Try it: The result should be all the records, exact and complete, without a single picture.

[Stored data entries]
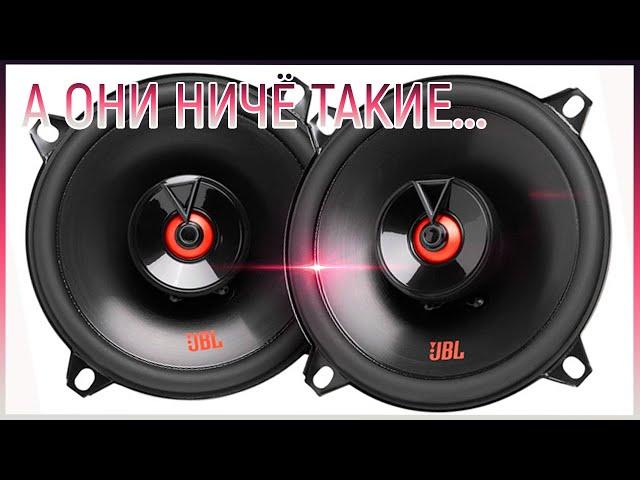 Честный обзор JBL Club 522F прослушка отзыв о звучании рекомендации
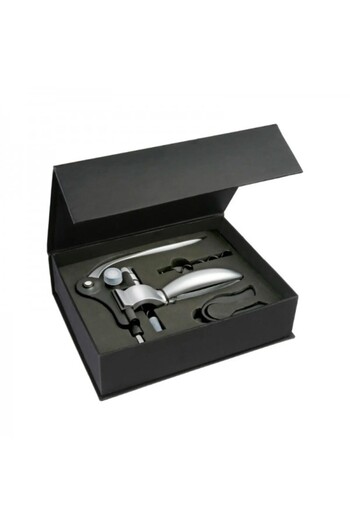 Secret de Gourmet Professional corkscrew with rabbit arms, Luxury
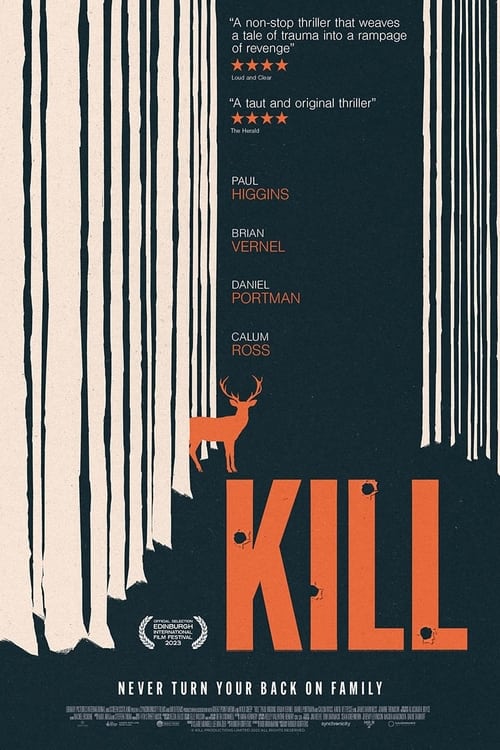 Kill (2023) บรรยายไทยแปล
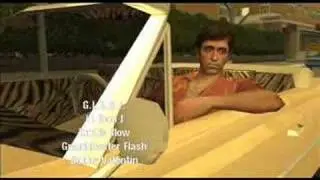 Scarface: The World is Yours Intro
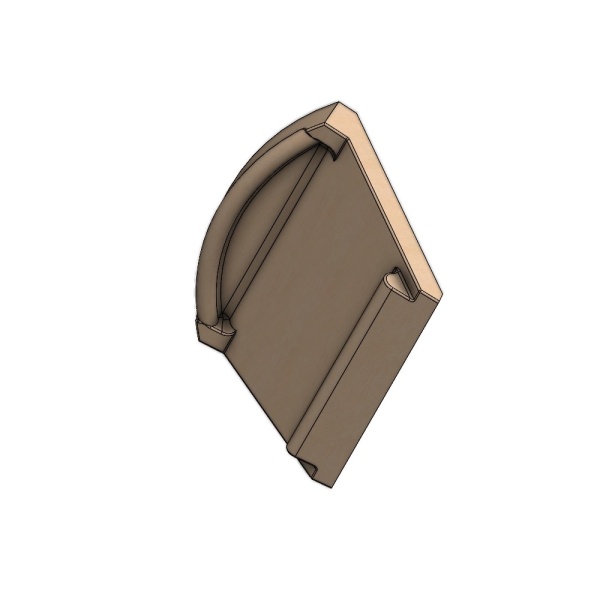 Woodtec FCS Baffle (liner)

Exercise answer:
 Честный обзор JBL Club 522F прослушка отзыв о звучании рекомендации
 Secret de Gourmet Professional corkscrew with rabbit arms, Luxury
 Kill (2023) บรรยายไทยแปล
 Scarface: The World is Yours Intro
 Woodtec FCS Baffle (liner)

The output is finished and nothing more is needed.